Index: lucene/CHANGES.txt
===================================================================
--- lucene/CHANGES.txt (revision 1395421)
+++ lucene/CHANGES.txt (working copy)
@@ -44,6 +44,11 @@
the suggester to ignore such variations. (Robert Muir, Sudarshan
Gaikaiwari, Mike McCandless)
+Bug Fixes
+
+* LUCENE-1822: BaseFragListBuilder hard-coded 6 char margin is too naive.
+ (Alex Vigdor, Arcadius Ahouansou, Koji Sekiguchi)
+
Optimizations
* LUCENE-4443: BlockPostingsFormat no longer writes unnecessary offsets
Index: lucene/highlighter/src/test/org/apache/lucene/search/vectorhighlight/WeightedFragListBuilderTest.java
===================================================================
--- lucene/highlighter/src/test/org/apache/lucene/search/vectorhighlight/WeightedFragListBuilderTest.java (revision 1395421)
+++ lucene/highlighter/src/test/org/apache/lucene/search/vectorhighlight/WeightedFragListBuilderTest.java (working copy)
@@ -29,7 +29,7 @@
WeightedFragListBuilder wflb = new WeightedFragListBuilder();
FieldFragList ffl = wflb.createFieldFragList( fpl, 100 );
assertEquals( 1, ffl.getFragInfos().size() );
- assertEquals( "subInfos=(theboth((195,203)))/0.86791086(189,289)", ffl.getFragInfos().get( 0 ).toString() );
+ assertEquals( "subInfos=(theboth((195,203)))/0.86791086(149,249)", ffl.getFragInfos().get( 0 ).toString() );
}
}
Index: lucene/highlighter/src/test/org/apache/lucene/search/vectorhighlight/SimpleFragmentsBuilderTest.java
===================================================================
--- lucene/highlighter/src/test/org/apache/lucene/search/vectorhighlight/SimpleFragmentsBuilderTest.java (revision 1395421)
+++ lucene/highlighter/src/test/org/apache/lucene/search/vectorhighlight/SimpleFragmentsBuilderTest.java (working copy)
@@ -106,7 +106,8 @@
SimpleFragListBuilder sflb = new SimpleFragListBuilder();
FieldFragList ffl = sflb.createFieldFragList( fpl, 100 );
SimpleFragmentsBuilder sfb = new SimpleFragmentsBuilder();
- assertEquals( "a b c d e", sfb.createFragment( reader, 0, F, ffl ) );
+ //TODO: Why blank space here?
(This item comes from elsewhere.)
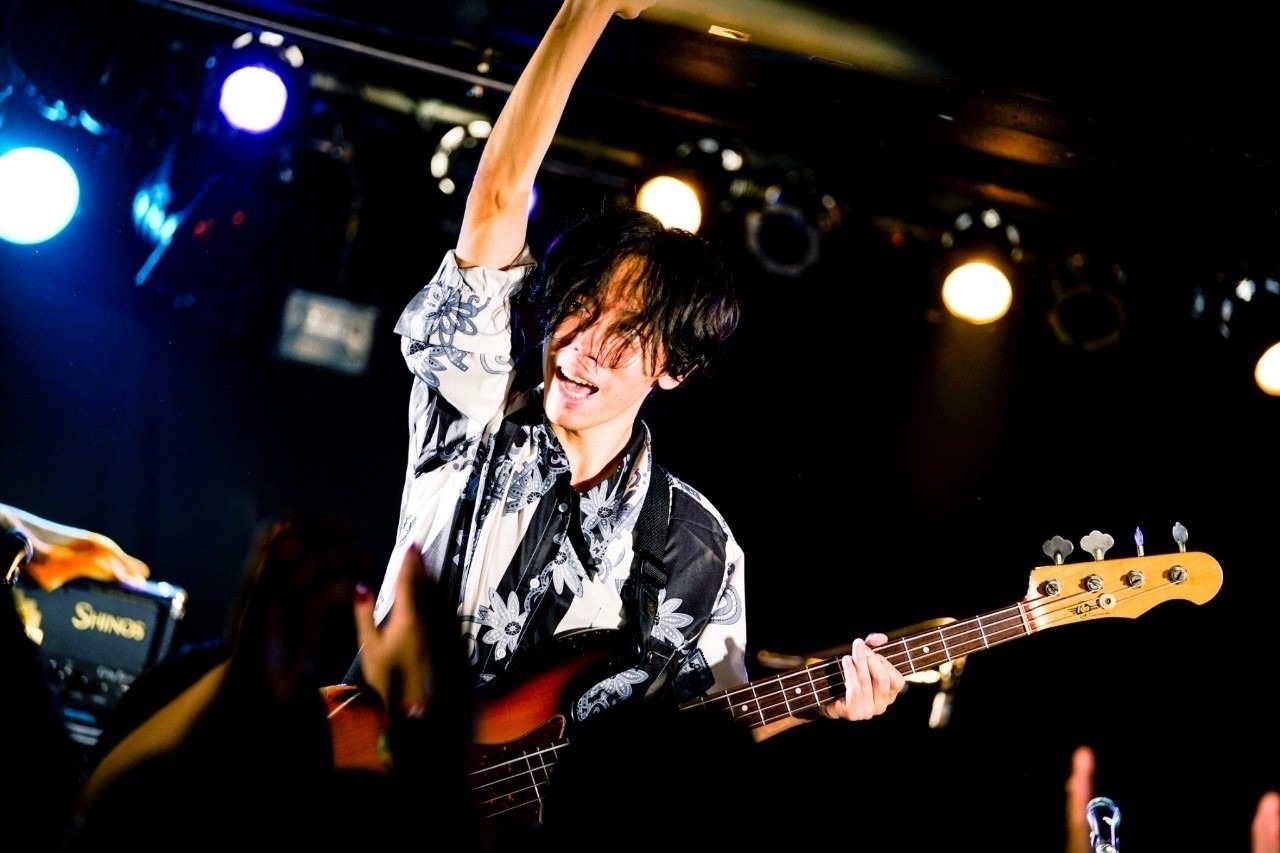 KANA-BOON「47 SKIP STREET」千葉LOOK公演より。（撮影：マスダカイ）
We should probably be trimming?
+ assertEquals( " a b c d e", sfb.createFragment( reader, 0, F, ffl ) );
}
public void test1PhraseLongMV() throws Exception {
@@ -118,7 +119,7 @@
SimpleFragListBuilder sflb = new SimpleFragListBuilder();
FieldFragList ffl = sflb.createFieldFragList( fpl, 100 );
SimpleFragmentsBuilder sfb = new SimpleFragmentsBuilder();
- assertEquals( "The most search engines use only one of these methods. Even the search engines that says they can use the",
+ assertEquals( "customization: The most search engines use only one of these methods. Even the search engines that says they can",
sfb.createFragment( reader, 0, F, ffl ) );
}
@@ -131,7 +132,7 @@
SimpleFragListBuilder sflb = new SimpleFragListBuilder();
FieldFragList ffl = sflb.createFieldFragList( fpl, 100 );
SimpleFragmentsBuilder sfb = new SimpleFragmentsBuilder();
- assertEquals( "processing speed, the", sfb.createFragment( reader, 0, F, ffl ) );
+ assertEquals( "additional hardware. \nWhen you talk about processing speed, the", sfb.createFragment( reader, 0, F, ffl ) );
}
public void testUnstoredField() throws Exception {
@@ -209,7 +210,7 @@
String[] result = sfb.createFragments(reader, 0, F, ffl, 3);
assertEquals(2, result.length);
assertEquals("some text to highlight", result[0]);
- assertEquals("other text", result[1]);
+ assertEquals("highlight other text", result[1]);
fq = new FieldQuery( tq( "highlight" ), true, true );
stack = new FieldTermStack( reader, 0, F, fq );
Index: lucene/highlighter/src/test/org/apache/lucene/search/vectorhighlight/SimpleFragListBuilderTest.java
===================================================================
--- lucene/highlighter/src/test/org/apache/lucene/search/vectorhighlight/SimpleFragListBuilderTest.java (revision 1395421)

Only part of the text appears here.